Un langage positif visera donc plus à réhabiliter cette jeune femme. Il ne s’agit pas de mentir en peignant un tableau idéal ou en masquant la réalité, mais de valoriser l’effort, la recherche de solutions, les ressources et les compétences plutôt que les expériences malheureuses du passé, les erreurs et les points faibles par des critiques aussi inutiles que dévastatrices.
Le principe de Pollyanna
Adopter un langage positif est d’autant plus efficace que les humains ont un biais de positivité qui les y rend réceptifs. Ils ont tendance à se souvenir plus facilement des évènements positifs que négatifs. Mieux encore, même en étant impliqués dans une situation négative, nous avons tendance à changer la situation dans notre souvenir pour lui donner une coloration positive. C’est peut-être ce que nous appelons « tirer les leçons du passé » : notre propension à stocker en mémoire les éléments positifs d’une situation pourtant désagréable.

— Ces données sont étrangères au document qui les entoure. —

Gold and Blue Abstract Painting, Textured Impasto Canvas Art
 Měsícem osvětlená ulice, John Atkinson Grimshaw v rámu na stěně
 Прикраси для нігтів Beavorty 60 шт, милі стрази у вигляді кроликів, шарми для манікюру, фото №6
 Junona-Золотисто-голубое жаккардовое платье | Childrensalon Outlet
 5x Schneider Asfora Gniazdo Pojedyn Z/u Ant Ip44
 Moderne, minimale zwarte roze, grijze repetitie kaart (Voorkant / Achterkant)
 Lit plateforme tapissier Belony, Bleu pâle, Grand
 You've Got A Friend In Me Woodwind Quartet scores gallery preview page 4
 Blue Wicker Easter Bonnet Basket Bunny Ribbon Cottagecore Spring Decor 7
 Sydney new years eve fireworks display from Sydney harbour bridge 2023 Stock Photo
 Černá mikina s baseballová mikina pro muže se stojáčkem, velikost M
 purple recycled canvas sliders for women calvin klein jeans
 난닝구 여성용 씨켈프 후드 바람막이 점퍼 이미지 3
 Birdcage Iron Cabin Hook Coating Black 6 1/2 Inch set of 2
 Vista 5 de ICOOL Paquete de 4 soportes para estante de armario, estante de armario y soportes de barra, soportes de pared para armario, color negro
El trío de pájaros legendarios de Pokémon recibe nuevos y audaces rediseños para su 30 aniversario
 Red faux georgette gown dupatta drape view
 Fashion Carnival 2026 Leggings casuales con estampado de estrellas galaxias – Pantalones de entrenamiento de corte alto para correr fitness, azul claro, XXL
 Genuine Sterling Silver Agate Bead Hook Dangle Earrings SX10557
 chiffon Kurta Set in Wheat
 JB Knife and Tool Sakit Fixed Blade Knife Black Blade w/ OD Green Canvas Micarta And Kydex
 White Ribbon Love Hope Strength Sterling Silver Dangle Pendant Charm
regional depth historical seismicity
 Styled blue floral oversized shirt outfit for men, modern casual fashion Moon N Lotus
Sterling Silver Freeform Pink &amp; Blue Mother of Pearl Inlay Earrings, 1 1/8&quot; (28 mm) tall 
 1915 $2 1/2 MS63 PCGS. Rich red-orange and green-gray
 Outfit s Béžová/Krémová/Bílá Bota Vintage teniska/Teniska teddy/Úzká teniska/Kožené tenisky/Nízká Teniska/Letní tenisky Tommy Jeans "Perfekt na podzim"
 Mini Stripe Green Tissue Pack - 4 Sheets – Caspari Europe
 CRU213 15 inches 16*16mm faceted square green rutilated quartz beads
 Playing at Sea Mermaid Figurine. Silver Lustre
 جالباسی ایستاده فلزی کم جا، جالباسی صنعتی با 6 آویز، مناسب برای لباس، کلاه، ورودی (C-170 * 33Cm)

Les chercheurs en psychologie appellent cet effet « le principe de Pollyana ». Pollyana est l’héroïne d’un roman d’Eleanor H. Porter. Orpheline, elle est envoyée vivre chez une tante sévère et amère. En réaction, la petite Pollyanna développera une faculté de se concentrer sur l’aspect positif des choses, lui permettant de résoudre et d’affronter toutes les situations. Mieux encore, l’enfant, en voyant le meilleur chez les autres était capable de les changer.
De nombreuses recherches ont été conduites en psychologie sur le biais de positivité. Parmi celles-ci, Peter Dodds et ses collègues ont montré que le principe de Pollyana était médiatisé par le langage. En étudiant plus de 100 000 mots dans 10 langues différentes, ils ont montré que les messages que nous émettons, y compris sur les réseaux sociaux, sont le plus généralement positifs et que leur poids émotionnel est également clairement positif.
Rester sur un registre agréable, sans verser dans l’optimisme délirant qui nous ferait voir à tort la vie en rose, permettrait donc de vivre plus heureux et mieux connectés aux autres.
Sources
Dodds, P. S., Clark, E. M., Desu, S., Frank, M. R., Reagan, A. J., Williams, J. R., ... & Megerdoomian, K. (2015). Human language reveals a universal positivity bias. Proceedings of the National Academy of Sciences, 112(8), 2389-2394.
Racle, G. (1993). Le principe de Pollyanna ou la vie en rose. Communication & Langages, 97(1), 38-45.